# ACTIVITY
Look below for the line containing "2218 N Poe Street, San Angelo, TX 76903"; from there through the line containing "Vuilbakken in het Schotense straatbeeld", both lines included, please set down each line exactly and nothing else.

··· DATA TO USE ···

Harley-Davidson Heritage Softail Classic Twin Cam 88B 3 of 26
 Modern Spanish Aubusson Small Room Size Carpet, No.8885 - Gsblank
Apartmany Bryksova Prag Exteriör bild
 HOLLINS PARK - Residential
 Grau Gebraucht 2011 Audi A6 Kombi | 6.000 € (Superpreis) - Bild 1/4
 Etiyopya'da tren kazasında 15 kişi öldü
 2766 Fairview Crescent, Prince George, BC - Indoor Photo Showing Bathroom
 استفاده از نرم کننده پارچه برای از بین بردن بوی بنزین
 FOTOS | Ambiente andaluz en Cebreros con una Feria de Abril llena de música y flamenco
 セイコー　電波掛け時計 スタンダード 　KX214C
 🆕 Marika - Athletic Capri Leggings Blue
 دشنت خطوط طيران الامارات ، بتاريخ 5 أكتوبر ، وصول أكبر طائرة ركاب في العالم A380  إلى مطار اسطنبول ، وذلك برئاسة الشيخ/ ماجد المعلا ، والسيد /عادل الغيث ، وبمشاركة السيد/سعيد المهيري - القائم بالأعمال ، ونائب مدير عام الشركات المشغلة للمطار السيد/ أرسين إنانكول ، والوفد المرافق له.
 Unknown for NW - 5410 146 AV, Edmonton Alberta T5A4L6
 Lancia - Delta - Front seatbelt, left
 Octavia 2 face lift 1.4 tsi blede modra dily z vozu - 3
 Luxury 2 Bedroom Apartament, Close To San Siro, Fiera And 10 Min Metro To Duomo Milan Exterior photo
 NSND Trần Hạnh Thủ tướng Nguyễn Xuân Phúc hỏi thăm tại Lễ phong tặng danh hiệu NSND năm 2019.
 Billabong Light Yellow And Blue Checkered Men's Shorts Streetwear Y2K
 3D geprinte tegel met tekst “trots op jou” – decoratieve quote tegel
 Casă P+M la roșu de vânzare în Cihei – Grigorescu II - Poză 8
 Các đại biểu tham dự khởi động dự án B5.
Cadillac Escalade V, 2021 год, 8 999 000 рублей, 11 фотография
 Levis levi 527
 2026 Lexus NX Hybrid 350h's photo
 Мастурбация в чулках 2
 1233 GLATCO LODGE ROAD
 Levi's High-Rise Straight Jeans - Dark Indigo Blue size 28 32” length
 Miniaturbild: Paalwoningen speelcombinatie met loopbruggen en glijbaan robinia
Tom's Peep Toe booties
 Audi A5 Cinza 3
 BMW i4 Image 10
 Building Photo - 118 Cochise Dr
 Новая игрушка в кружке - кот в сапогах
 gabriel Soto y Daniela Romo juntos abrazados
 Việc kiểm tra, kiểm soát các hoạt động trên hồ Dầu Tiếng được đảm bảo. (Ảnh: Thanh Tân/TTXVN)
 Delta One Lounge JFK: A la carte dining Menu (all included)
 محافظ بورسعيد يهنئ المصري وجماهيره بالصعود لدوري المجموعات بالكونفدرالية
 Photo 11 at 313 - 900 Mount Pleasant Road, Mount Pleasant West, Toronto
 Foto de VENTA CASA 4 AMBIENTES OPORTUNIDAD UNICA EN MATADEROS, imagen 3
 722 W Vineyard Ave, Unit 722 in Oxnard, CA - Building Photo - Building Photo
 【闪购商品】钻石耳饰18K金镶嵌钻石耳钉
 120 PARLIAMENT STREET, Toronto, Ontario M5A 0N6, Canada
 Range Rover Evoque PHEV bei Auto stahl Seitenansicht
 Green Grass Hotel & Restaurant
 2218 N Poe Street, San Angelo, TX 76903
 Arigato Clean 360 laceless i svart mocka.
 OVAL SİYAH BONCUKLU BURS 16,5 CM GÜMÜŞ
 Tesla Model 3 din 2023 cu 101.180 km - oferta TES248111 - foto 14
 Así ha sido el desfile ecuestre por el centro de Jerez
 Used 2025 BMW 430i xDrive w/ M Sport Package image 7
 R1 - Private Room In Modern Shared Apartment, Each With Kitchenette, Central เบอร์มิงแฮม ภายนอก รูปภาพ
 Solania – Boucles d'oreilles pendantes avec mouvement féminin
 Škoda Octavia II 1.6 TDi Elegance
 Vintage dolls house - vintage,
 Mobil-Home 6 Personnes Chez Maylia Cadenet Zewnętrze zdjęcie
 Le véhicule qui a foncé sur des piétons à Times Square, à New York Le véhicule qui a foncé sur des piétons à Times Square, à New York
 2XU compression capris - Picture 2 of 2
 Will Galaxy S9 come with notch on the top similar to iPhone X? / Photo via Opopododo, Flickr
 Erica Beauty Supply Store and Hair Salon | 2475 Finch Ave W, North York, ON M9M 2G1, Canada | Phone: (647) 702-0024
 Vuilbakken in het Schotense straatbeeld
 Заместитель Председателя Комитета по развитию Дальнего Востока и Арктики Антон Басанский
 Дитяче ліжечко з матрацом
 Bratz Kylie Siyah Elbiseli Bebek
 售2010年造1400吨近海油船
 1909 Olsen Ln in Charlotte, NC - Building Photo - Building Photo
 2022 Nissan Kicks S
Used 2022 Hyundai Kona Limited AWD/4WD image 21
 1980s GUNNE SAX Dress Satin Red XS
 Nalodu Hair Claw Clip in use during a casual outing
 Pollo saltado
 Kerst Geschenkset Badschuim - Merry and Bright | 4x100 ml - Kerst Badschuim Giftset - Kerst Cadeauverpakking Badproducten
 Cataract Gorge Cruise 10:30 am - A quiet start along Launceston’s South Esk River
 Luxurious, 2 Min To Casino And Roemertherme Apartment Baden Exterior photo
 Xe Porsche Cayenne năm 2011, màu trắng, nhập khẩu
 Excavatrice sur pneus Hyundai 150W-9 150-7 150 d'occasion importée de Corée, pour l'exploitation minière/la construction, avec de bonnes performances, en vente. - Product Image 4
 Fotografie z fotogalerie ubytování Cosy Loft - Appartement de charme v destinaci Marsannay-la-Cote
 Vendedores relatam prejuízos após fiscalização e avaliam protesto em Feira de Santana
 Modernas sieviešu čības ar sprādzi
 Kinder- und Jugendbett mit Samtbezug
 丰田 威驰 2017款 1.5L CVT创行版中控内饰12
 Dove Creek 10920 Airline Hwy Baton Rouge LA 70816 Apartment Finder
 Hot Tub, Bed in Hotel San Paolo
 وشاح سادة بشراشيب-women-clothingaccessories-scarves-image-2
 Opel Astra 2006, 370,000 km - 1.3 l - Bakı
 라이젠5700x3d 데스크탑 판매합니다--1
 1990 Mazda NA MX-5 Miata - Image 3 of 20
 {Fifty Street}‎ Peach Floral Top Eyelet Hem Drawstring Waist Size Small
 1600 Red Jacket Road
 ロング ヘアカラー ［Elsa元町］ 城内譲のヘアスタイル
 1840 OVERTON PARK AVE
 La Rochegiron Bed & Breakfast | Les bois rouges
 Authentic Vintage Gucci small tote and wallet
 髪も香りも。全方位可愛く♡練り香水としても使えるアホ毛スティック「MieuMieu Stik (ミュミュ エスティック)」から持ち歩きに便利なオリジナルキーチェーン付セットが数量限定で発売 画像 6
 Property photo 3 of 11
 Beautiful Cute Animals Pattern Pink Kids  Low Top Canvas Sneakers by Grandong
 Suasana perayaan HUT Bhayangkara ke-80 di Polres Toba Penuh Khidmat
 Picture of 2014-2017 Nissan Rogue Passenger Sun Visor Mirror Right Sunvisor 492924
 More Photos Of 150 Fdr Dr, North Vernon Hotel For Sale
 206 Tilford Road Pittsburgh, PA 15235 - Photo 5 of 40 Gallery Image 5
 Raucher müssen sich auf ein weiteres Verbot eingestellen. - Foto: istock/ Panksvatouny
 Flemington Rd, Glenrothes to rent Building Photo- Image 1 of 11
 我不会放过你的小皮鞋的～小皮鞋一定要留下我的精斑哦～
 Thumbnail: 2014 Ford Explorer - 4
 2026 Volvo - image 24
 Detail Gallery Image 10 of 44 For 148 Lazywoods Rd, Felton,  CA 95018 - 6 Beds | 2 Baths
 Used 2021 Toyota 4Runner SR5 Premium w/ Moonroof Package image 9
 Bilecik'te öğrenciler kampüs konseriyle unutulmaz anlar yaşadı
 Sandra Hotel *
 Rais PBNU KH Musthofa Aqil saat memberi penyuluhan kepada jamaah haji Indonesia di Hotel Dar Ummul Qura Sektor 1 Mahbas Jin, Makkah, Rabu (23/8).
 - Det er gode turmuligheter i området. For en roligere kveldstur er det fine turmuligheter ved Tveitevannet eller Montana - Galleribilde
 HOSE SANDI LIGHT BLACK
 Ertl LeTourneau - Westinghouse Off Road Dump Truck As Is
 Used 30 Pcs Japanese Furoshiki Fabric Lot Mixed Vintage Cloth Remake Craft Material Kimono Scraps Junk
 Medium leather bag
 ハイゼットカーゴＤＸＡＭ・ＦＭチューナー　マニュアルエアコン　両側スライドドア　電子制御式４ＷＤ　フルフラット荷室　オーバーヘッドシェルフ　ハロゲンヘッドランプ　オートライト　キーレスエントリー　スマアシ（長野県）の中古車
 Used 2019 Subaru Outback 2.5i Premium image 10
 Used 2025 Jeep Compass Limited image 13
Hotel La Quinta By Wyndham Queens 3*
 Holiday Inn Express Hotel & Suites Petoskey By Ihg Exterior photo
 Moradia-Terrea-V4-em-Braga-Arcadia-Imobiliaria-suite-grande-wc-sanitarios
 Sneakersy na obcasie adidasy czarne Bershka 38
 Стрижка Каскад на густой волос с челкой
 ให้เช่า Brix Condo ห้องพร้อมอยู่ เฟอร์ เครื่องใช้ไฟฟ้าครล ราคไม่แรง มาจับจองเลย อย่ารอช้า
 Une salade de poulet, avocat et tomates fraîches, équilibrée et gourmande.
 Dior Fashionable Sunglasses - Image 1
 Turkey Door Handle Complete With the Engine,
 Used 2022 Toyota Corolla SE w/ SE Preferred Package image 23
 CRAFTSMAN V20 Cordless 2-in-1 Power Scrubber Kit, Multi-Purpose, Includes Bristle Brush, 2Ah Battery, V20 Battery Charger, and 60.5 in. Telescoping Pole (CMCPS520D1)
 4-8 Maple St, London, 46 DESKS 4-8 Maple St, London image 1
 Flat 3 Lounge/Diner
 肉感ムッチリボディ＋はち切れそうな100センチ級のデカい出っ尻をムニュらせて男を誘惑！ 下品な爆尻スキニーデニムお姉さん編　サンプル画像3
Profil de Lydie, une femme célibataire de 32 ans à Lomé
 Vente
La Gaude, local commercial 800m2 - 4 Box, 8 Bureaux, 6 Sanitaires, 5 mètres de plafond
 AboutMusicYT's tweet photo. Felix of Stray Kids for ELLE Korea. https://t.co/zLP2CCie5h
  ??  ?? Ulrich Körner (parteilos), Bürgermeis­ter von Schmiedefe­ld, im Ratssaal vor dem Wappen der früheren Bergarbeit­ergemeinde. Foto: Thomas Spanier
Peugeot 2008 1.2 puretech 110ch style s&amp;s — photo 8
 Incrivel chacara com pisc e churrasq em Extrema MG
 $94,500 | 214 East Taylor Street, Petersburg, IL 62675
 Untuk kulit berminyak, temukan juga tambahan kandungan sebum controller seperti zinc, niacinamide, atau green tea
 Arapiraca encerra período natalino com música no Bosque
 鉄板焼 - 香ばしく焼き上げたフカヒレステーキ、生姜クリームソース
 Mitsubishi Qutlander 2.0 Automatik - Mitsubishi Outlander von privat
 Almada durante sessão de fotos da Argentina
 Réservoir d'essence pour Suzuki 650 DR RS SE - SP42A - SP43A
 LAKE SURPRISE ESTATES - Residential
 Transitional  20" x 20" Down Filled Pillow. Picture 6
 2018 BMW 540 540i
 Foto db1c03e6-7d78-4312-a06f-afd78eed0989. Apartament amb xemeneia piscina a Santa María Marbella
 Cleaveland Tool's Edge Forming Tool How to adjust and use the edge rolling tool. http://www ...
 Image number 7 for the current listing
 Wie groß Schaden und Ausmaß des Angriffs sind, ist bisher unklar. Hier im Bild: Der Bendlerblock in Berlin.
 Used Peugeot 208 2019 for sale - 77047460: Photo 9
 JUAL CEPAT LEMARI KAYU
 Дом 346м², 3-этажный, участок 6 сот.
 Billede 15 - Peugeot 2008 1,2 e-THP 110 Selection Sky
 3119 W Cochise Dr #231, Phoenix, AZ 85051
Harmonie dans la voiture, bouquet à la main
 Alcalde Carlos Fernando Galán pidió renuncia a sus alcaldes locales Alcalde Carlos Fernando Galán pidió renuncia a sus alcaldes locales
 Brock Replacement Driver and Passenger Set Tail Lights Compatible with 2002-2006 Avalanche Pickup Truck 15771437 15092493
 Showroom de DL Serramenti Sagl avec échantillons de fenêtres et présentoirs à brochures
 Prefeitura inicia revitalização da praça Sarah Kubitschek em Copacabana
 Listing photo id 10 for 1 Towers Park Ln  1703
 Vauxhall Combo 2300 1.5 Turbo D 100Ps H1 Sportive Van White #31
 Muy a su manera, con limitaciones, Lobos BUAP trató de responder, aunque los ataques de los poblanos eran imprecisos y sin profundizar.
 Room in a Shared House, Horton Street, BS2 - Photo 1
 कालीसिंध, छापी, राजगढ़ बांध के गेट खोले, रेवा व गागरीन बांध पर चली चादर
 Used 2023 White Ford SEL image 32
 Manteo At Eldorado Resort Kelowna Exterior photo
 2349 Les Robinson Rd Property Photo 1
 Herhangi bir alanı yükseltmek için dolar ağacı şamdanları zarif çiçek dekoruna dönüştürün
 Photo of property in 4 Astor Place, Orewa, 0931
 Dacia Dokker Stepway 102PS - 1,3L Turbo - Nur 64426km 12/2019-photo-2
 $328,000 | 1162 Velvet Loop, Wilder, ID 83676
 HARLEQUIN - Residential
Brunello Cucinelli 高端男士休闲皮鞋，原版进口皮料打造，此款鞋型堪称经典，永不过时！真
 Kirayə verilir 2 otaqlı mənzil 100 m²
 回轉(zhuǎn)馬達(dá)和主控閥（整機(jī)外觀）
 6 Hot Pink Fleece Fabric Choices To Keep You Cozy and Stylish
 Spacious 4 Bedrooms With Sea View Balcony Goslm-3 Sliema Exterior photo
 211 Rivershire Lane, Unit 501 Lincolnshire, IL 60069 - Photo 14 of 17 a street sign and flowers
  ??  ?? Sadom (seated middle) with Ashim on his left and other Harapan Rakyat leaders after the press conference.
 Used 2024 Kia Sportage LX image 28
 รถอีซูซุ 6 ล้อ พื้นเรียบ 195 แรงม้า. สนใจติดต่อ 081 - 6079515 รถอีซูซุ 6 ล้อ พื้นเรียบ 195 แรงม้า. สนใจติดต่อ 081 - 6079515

···

# TASK OUTPUT
 2218 N Poe Street, San Angelo, TX 76903
 Arigato Clean 360 laceless i svart mocka.
 OVAL SİYAH BONCUKLU BURS 16,5 CM GÜMÜŞ
 Tesla Model 3 din 2023 cu 101.180 km - oferta TES248111 - foto 14
 Así ha sido el desfile ecuestre por el centro de Jerez
 Used 2025 BMW 430i xDrive w/ M Sport Package image 7
 R1 - Private Room In Modern Shared Apartment, Each With Kitchenette, Central เบอร์มิงแฮม ภายนอก รูปภาพ
 Solania – Boucles d'oreilles pendantes avec mouvement féminin
 Škoda Octavia II 1.6 TDi Elegance
 Vintage dolls house - vintage,
 Mobil-Home 6 Personnes Chez Maylia Cadenet Zewnętrze zdjęcie
 Le véhicule qui a foncé sur des piétons à Times Square, à New York Le véhicule qui a foncé sur des piétons à Times Square, à New York
 2XU compression capris - Picture 2 of 2
 Will Galaxy S9 come with notch on the top similar to iPhone X? / Photo via Opopododo, Flickr
 Erica Beauty Supply Store and Hair Salon | 2475 Finch Ave W, North York, ON M9M 2G1, Canada | Phone: (647) 702-0024
 Vuilbakken in het Schotense straatbeeld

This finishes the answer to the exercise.